**COLLECTED DATA:**
┄┄┄┄┄┄

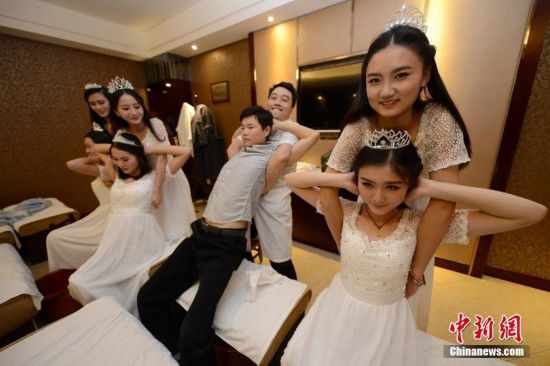 湖南十大?；w到足浴店學(xué)理療按摩(圖)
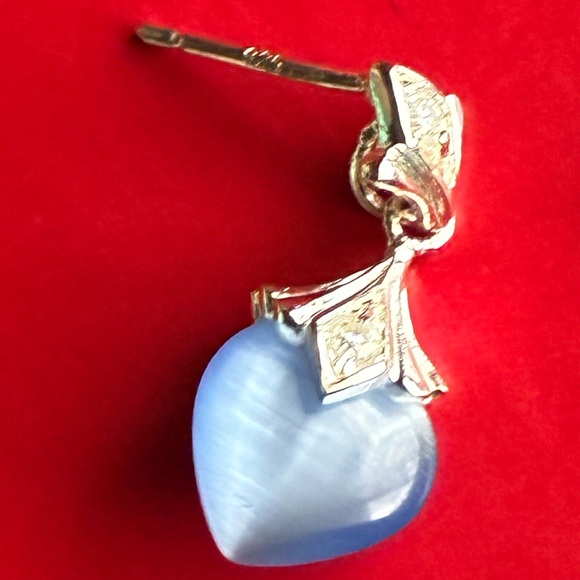 925 Silver Earrings,Elegant Silver and Blue Heart Earrings - Picture 8 of 8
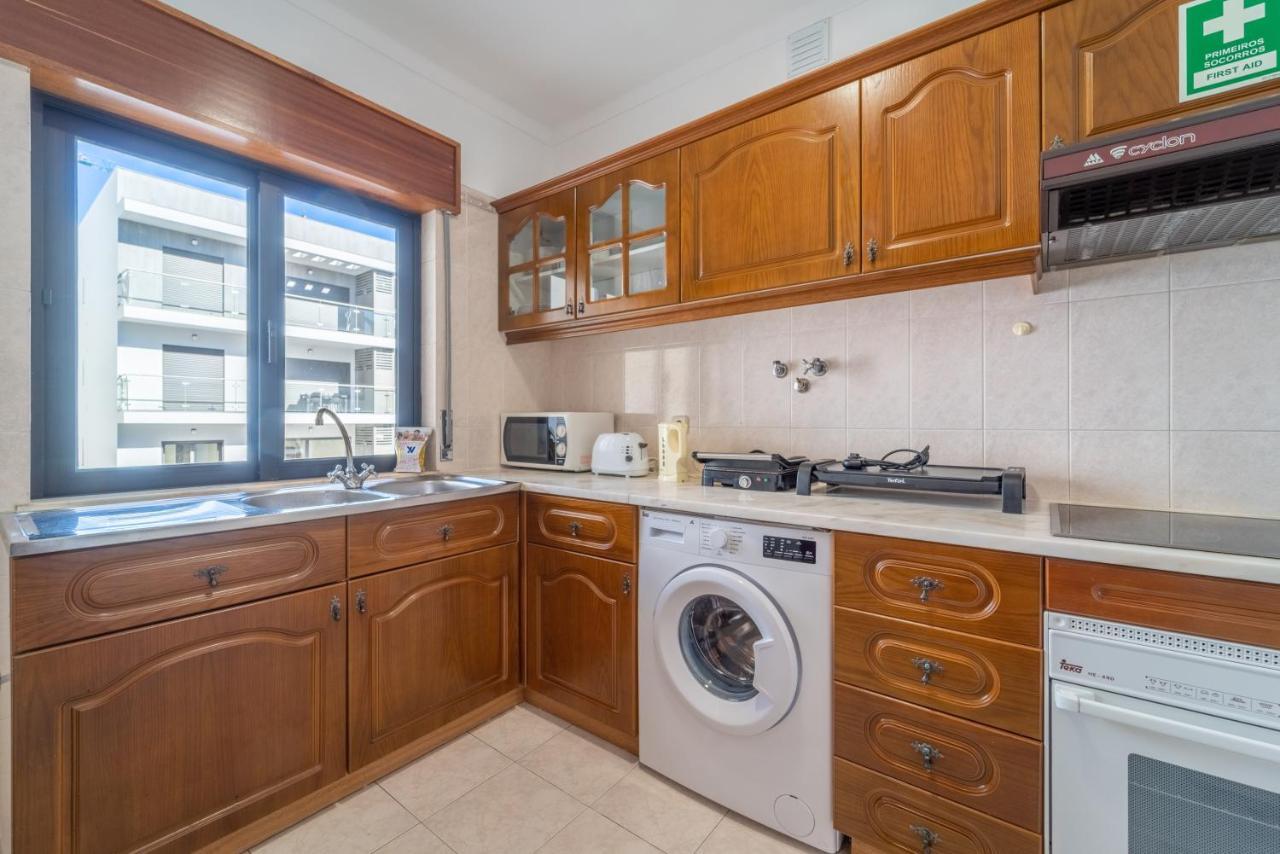 Quarteira - 2 D By Hellovacations Apartment *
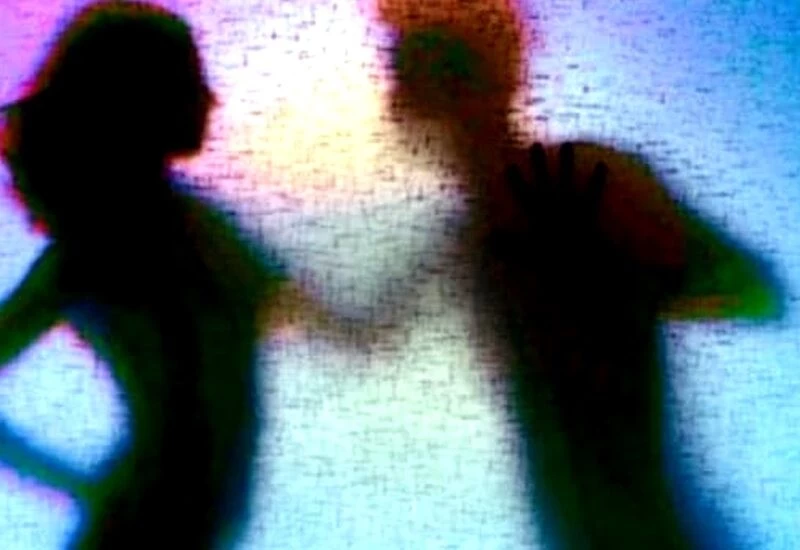 पत्नी ने प्रेमी के साथ मिलकर पति की पीटकर ली जान, सास-सौतेले ससुर ने भी दिया साथ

┄┄┄┄┄┄

**WHAT NEEDS TO BE DONE:**
Each line above should be set down exactly as written, with pictures excluded.

**TASK RESPONSE:**
 湖南十大?；w到足浴店學(xué)理療按摩(圖)
 925 Silver Earrings,Elegant Silver and Blue Heart Earrings - Picture 8 of 8
 Quarteira - 2 D By Hellovacations Apartment *
 पत्नी ने प्रेमी के साथ मिलकर पति की पीटकर ली जान, सास-सौतेले ससुर ने भी दिया साथ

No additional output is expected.